Wed, Mar 09|
Online - Persimmon and Frog: The Story of Sumi Artist Fumiko Kimura
Speaker: David Berger, Author Special Guest: Fumiko Kimura, Artist Sponsored by the Redmond Historical Society and the Redmond Library
Time & Location
Mar 09, 2022, 7:00 PM – 8:30 PM
About the Event
Written intimately and in the first person, Persimmon and Frog, My Life and Art, a Kibei-Nisei’s Story of Self-Discovery reveals a less familiar story from World War II. Born in America to immigrant farmers, Fumiko Kimura was visiting Japan as a 10-year-old when the US entered the war. She was stranded in Japan and spent her preteen and adolescent years in that foreign country, an American who looked completely Japanese. She went to school, absorbing Japanese aesthetics and the solace of art making.
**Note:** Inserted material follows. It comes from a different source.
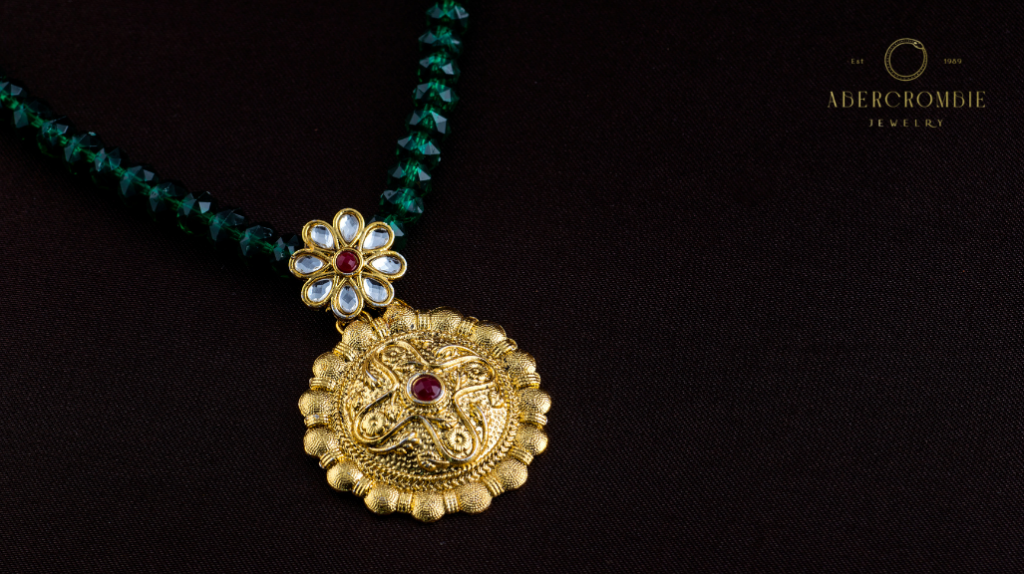 round gold-plated pendant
After the war, Kimura returned to the US. Relearning English, she graduated college and became a research chemist. In her forties, married with a family, she left that career and pursued her passion for painting with watercolor, sumi ink, and acrylics. She studied Western art at university, but later focused on the Japanese brush and ink on paper. She would eventually help found Puget Sound Sumi Artists. Kimura is now an influential and respected artistic figure in the Pacific Northwest, and she continues to paint and exhibit. Part memoir and part artistic survey, this book takes Kimura’s writings, diaries, and interviews, and traces her artistic development from early watercolors of Tacoma’s industrial waterfront to recent calligraphic paintings that poignantly engage Eastern and Western influences. The book deftly profiles both her personal life and artistic aspirations, telling a story of profound resilience, independence, and artistic accomplishment.
David Berger is an author, visual artist, and poet, and was visual arts critic at The Seattle Times. In addition to Persimmon and Frog: My Life and Art (Chin Music Press, 2020), about Fumiko Kimura, he wrote Razor Clams: Buried Treasure of the Pacific Northwest (University of Washington Press, 2017). He lives in Seattle.